A real time study on the processing and morphology of polymer:fullerene solar cells
Rene A. J. Janssen a, Martijn M. Wienk a, Jacobus Johannes van Franeker a b
a Molecular Materials and Nanosystems, Eindhoven University of Technology, Netherlands, Netherlands
b Dutch Polymer Institute (DPI), ), P.O. Box 902, 5600 AX Eindhoven, Netherlands
International Conference on Hybrid and Organic Photovoltaics
Proceedings of International Conference on Hybrid and Organic Photovoltaics 2015 (HOPV15)
Roma, Italy, 2015 May 11th - 13th
Organizer: Filippo De Angelis
Poster, Jacobus Johannes van Franeker, 006
Publication date: 5th February 2015
Dominant length scales of the morphology of bulk-heterojunction polymer:fullerene solar cells are defined during drying of the photoactive film. These length scales are crucially important for the efficiency of these solar cells. To study the kinetics of film and morphology formation time-resolved studies during drying are necessary, in this case during the solvent evaporation stage while spin coating. Here a diketopyrrolopyrrole-based polymer is used with a fullerene derivative, deposited from solvents with and without co-solvent. Using in-situ time-resolved optical techniques, combined with quantitative analysis of ex-situ transmission electron microscopy, we are able to determine the parameters that influence the dominant length scales in the phase separated films [1]. Without co-solvents, liquid-liquid phase separation results in large fullerene domains. We show that the size of these domains is determined by the drying rate normalized to the final thickness. On other hand, when co-solvents are used, the dominant length scale is not determined by liquid-liquid demixing, but by polymer aggregation [2]. The nature of the co-solvent mixture can be adjusted to control the length scales of the polymer fibers that are formed by the aggregation.
The upper panel indicates the effect of co-solvents on the morphology of the photoactive film of polymer:fullerene solar cells, as studied by transmission electron microscopy. The scalebar is 600 nm. As co-solvent 1,8-diiodooctane (DIO) is used. The lower panel shows a schematic of the real time measurements which are used to study wet layer thickness, liquid-liquid phase separation and polymer aggregation during spin coating.

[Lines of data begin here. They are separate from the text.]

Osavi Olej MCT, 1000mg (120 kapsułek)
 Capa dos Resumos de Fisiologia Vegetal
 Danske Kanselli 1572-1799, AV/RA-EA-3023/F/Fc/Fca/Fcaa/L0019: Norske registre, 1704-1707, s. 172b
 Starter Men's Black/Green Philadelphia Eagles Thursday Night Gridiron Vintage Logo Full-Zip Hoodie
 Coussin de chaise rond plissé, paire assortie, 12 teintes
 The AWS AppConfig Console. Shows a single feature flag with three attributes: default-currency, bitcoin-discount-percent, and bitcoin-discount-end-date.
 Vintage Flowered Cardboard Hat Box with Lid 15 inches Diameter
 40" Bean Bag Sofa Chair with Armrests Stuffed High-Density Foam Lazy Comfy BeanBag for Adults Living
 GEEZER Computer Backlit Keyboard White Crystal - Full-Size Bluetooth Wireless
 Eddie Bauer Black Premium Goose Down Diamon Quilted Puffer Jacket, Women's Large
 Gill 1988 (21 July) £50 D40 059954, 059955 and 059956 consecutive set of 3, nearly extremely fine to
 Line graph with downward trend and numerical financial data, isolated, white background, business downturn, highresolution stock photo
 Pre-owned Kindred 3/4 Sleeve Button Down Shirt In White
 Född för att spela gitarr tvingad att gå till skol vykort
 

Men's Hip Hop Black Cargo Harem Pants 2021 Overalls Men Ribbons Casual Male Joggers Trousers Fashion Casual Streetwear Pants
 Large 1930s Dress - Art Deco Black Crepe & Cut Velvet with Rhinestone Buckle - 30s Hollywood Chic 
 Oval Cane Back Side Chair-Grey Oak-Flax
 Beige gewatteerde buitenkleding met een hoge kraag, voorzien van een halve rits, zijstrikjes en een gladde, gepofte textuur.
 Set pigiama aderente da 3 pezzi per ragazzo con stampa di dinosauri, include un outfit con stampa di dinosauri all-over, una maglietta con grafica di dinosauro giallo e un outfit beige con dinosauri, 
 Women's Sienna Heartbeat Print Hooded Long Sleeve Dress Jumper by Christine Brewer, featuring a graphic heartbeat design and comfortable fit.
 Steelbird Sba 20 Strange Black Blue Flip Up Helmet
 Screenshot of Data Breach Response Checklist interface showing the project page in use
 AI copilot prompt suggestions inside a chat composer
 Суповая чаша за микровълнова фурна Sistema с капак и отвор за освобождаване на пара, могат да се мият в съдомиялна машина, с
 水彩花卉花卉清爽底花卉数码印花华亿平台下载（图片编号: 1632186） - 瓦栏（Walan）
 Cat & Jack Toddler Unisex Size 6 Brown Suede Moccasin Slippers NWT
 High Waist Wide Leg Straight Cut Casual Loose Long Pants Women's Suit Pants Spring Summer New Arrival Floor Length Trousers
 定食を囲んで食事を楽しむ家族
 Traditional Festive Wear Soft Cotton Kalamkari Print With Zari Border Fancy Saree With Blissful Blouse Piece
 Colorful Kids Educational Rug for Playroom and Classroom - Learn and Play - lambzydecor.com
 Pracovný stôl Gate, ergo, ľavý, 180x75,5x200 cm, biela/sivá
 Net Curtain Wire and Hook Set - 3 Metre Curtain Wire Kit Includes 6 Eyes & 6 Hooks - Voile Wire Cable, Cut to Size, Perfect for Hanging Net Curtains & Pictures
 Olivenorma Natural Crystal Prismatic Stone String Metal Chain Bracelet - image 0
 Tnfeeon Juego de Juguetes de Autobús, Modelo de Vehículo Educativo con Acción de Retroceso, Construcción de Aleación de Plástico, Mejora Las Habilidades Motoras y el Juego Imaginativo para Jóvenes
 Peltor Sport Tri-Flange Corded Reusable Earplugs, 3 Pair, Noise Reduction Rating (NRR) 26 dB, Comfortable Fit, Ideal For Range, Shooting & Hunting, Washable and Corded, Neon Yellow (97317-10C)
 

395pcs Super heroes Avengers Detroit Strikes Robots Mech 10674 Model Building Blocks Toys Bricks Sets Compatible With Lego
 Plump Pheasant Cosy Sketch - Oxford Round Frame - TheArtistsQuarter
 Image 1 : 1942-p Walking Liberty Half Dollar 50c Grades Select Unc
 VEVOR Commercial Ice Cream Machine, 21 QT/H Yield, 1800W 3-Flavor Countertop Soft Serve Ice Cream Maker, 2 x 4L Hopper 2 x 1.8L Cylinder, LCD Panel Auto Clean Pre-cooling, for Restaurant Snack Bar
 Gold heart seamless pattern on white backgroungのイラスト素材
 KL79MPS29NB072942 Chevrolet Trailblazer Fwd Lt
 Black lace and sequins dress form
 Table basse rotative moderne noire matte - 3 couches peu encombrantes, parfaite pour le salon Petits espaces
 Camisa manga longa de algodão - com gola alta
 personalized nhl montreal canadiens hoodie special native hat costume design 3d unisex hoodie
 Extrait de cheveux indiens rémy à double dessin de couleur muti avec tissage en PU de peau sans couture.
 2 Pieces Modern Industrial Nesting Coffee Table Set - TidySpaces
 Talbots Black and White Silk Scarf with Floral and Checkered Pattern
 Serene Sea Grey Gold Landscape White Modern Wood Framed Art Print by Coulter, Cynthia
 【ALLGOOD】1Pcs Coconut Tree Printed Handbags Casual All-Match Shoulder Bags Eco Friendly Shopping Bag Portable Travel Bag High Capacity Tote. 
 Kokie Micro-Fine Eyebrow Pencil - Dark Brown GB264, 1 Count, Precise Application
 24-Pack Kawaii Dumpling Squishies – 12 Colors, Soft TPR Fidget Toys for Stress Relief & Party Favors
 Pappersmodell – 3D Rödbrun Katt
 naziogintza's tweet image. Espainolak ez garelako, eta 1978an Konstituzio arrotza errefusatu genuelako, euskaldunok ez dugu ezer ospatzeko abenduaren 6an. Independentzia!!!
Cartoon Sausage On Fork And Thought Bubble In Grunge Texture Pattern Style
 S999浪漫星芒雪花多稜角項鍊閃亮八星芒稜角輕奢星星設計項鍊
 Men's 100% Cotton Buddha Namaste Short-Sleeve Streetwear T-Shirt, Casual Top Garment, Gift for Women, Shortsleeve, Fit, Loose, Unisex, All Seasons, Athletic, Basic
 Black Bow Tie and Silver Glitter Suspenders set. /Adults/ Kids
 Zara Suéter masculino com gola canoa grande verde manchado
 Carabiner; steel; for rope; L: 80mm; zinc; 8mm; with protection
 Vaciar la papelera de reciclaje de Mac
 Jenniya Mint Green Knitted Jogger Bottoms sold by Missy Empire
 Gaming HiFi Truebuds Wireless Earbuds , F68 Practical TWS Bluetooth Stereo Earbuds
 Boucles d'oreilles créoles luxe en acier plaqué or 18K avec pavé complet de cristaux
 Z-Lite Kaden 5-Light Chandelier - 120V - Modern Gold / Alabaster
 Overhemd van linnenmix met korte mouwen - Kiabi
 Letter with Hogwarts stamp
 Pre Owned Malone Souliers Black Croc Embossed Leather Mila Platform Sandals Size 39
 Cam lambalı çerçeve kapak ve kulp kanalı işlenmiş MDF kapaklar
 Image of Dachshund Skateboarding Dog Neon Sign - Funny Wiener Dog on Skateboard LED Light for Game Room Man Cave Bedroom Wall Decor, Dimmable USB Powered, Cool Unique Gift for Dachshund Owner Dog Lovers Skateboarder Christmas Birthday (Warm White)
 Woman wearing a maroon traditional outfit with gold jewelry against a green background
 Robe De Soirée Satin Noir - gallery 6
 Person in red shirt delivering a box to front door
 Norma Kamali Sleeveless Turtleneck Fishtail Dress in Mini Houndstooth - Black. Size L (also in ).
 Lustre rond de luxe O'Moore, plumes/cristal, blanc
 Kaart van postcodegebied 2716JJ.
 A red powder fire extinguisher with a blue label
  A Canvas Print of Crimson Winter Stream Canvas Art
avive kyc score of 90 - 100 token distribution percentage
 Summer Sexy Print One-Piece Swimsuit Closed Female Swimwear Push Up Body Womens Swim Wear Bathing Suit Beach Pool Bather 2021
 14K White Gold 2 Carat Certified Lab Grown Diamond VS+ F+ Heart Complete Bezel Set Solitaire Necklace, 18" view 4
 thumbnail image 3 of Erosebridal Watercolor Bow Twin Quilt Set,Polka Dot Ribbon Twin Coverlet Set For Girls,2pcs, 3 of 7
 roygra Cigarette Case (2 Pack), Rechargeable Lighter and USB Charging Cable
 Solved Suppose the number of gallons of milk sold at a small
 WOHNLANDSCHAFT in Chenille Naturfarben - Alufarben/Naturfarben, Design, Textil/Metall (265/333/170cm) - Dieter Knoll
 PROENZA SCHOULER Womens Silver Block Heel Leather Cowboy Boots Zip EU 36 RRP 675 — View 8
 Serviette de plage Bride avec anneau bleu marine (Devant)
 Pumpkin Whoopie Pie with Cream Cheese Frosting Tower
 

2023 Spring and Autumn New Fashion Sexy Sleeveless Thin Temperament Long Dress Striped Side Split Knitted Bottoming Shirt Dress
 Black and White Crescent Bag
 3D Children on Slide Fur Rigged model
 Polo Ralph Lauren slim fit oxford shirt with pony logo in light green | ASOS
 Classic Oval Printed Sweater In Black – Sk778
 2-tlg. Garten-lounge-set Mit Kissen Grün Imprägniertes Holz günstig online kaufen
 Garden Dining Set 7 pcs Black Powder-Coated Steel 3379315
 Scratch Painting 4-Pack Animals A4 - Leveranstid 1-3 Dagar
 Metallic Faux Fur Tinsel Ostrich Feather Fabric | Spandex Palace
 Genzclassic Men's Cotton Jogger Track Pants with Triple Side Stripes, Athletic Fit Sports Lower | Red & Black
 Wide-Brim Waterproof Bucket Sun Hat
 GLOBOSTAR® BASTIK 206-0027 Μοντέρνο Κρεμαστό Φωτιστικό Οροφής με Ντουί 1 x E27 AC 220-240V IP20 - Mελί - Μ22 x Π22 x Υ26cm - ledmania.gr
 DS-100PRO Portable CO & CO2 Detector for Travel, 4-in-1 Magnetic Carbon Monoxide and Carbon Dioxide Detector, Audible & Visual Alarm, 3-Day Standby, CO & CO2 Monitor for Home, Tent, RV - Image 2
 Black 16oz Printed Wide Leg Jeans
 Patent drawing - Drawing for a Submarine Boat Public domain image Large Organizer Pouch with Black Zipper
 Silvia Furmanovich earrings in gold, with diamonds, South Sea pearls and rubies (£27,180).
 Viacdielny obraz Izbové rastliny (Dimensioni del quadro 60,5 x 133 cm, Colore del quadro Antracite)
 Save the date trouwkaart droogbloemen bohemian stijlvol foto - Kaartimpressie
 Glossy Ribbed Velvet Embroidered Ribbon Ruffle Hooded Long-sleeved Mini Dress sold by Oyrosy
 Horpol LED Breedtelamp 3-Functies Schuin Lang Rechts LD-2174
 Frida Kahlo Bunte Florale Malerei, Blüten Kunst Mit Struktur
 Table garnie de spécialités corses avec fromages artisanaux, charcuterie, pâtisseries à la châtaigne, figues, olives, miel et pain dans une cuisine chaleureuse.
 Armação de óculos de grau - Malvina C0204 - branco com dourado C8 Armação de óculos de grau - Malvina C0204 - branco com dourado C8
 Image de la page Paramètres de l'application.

[1] van Franeker, J. J.; Westhoff, D.; Turbiez, M.; Wienk, M. M.; Schmidt, V.; and Janssen, R. A. J. Controlling the Dominant Length Scale of Liquid–Liquid Phase Separation in Spin-coated Organic Semiconductor Films. Adv. Funct. Mater. Early View. doi: 10.1002/adfm.201403392 [2] van Franeker, J. J.; Turbiez, M.; Li, W.; Wienk, M. M.; Janssen, R. A. J. A real-time study of the benefits of co-solvents in polymer solar cell processing. Nature Communications (under revision)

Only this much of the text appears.